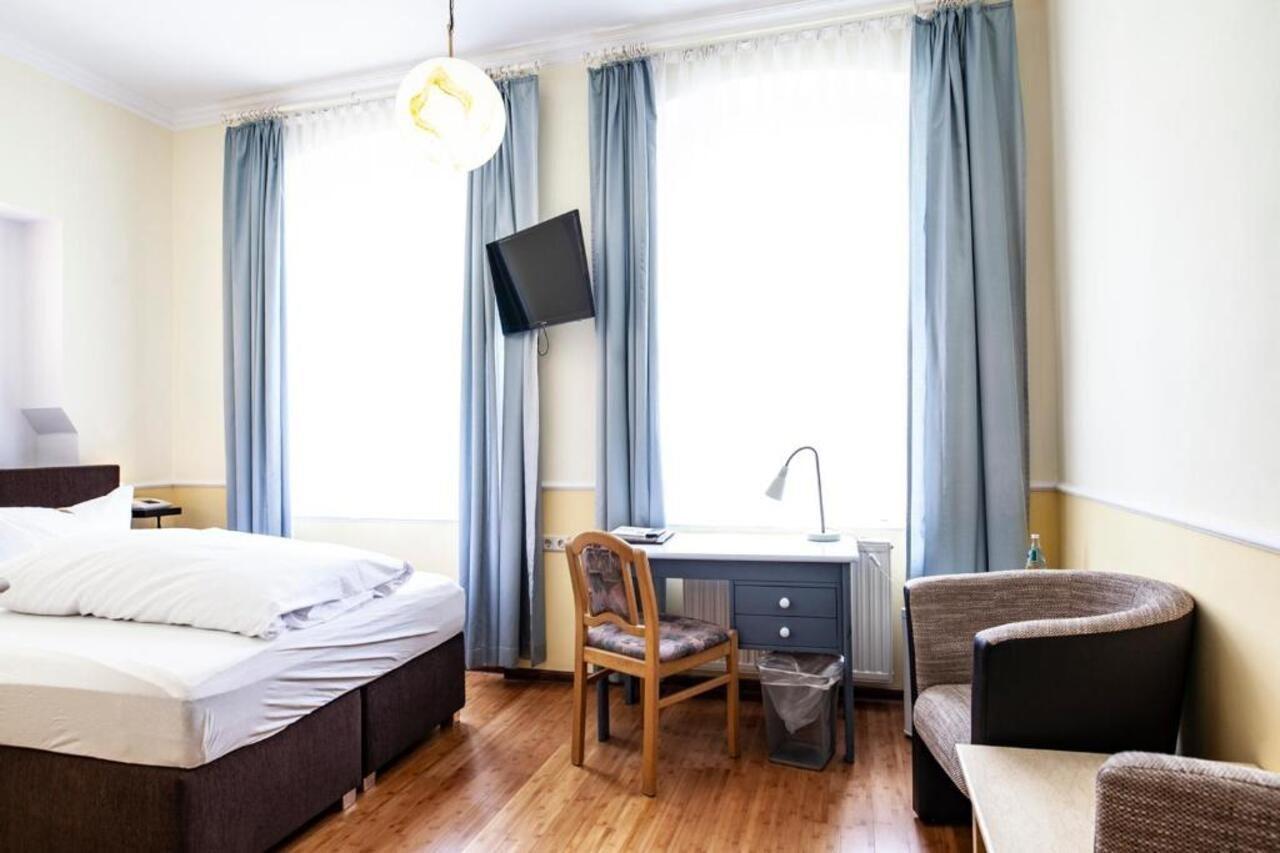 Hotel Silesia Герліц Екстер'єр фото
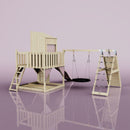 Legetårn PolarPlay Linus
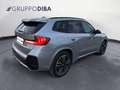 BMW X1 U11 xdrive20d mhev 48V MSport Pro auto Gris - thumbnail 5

---

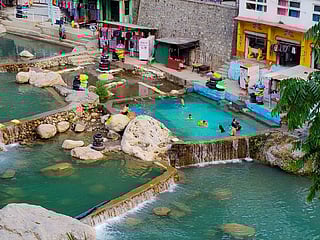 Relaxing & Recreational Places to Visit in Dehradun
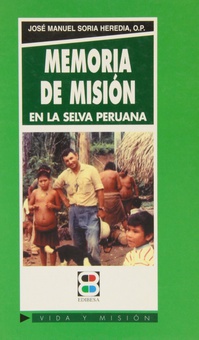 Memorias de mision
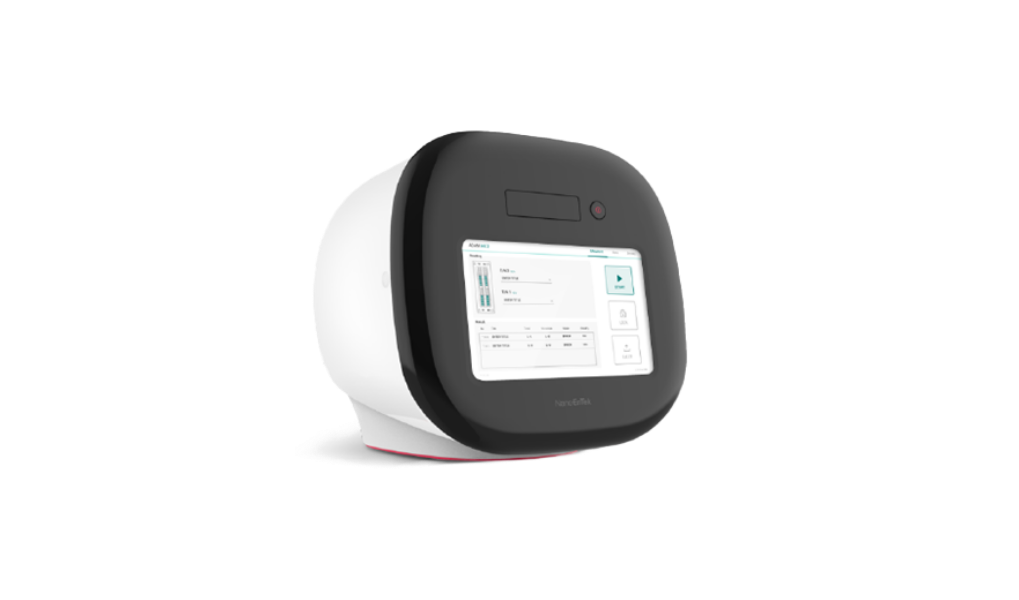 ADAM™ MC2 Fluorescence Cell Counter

What is expected:
What belongs in the answer is each line above from the line with "Hotel Silesia Герліц Екстер'єр фото" to the line with "BMW X1 U11 xdrive20d", inclusive, reproduced exactly and free of pictures.

Task output:
 Hotel Silesia Герліц Екстер'єр фото
 Legetårn PolarPlay Linus
 BMW X1 U11 xdrive20d mhev 48V MSport Pro auto Gris - thumbnail 5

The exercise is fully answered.